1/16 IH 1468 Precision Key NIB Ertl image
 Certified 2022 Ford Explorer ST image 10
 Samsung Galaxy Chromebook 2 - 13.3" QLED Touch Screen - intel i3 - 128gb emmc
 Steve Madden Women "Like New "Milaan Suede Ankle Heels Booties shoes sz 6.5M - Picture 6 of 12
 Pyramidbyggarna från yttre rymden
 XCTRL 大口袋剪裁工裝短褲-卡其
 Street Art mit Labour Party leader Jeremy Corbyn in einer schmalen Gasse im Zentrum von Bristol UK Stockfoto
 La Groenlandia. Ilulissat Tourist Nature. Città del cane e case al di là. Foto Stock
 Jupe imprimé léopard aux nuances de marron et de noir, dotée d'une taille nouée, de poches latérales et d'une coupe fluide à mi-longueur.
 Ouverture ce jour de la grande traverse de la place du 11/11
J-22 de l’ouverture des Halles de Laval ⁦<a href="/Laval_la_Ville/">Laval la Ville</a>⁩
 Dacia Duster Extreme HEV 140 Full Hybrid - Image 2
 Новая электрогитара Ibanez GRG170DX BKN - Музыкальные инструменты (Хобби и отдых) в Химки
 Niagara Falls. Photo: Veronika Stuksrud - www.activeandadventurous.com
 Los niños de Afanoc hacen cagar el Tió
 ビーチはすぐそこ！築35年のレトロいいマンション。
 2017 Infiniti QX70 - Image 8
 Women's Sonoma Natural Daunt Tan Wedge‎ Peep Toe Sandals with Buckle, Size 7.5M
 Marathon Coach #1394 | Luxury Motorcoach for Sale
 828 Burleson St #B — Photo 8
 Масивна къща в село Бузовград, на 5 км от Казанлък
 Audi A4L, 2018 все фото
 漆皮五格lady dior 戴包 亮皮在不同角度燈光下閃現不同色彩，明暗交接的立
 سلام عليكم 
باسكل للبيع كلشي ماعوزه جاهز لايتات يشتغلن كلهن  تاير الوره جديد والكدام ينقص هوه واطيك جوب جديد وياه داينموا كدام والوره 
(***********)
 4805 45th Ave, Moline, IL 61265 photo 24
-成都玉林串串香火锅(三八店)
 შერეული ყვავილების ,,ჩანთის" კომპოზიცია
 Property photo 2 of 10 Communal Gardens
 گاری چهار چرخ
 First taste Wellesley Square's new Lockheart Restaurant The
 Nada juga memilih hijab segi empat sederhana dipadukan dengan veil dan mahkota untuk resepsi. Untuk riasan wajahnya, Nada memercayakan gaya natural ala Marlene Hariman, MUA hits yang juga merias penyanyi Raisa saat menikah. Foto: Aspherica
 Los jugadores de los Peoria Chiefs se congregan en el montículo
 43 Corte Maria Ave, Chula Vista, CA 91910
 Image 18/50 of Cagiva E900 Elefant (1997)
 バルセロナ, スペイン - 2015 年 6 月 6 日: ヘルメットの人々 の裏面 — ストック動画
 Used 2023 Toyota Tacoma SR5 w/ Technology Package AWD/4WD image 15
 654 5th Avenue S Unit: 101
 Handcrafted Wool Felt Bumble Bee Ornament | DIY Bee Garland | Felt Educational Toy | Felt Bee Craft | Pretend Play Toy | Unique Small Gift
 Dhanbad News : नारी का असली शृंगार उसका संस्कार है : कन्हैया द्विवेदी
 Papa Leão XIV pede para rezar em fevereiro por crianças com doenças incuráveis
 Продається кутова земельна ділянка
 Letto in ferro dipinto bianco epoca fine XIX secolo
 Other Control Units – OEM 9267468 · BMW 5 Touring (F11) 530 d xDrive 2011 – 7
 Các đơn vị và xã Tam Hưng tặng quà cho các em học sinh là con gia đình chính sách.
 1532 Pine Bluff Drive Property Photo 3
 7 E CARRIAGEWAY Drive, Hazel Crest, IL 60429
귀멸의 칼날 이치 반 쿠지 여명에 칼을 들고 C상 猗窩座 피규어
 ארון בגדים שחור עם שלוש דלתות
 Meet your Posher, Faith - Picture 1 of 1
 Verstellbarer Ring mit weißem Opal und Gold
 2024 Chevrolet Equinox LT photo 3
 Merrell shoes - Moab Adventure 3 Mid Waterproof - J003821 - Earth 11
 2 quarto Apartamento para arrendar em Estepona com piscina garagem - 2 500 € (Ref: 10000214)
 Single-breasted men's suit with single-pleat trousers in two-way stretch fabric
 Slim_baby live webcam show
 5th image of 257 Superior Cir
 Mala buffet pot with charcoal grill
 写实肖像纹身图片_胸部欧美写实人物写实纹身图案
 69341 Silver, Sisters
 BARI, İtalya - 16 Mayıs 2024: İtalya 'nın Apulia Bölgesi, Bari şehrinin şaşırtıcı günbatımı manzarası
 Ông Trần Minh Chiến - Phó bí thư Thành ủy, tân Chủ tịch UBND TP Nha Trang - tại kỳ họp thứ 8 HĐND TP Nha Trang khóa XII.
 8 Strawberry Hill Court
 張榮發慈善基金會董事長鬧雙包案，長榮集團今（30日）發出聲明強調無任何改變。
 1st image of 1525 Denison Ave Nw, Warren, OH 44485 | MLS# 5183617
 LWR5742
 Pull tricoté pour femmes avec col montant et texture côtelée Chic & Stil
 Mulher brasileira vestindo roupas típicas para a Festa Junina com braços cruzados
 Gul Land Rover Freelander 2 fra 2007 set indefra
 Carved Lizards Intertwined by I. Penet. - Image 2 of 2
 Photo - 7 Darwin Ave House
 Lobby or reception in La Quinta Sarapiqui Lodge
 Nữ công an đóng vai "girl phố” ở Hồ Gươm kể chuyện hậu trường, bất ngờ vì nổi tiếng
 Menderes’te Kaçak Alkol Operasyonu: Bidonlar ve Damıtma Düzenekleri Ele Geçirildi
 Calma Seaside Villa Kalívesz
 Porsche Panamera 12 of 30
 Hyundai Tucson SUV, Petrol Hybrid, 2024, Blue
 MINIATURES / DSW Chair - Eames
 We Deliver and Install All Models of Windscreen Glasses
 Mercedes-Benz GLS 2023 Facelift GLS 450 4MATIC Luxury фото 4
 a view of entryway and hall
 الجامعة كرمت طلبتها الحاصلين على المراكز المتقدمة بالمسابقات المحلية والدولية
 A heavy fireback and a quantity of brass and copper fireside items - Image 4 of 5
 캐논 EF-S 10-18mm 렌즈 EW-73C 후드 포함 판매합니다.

■ ■ ■ ■ ■

PROBLEM ▸
State how many lines contain the word "фото" across the listing, and give no other text.

ANSWER SPACE ▸
2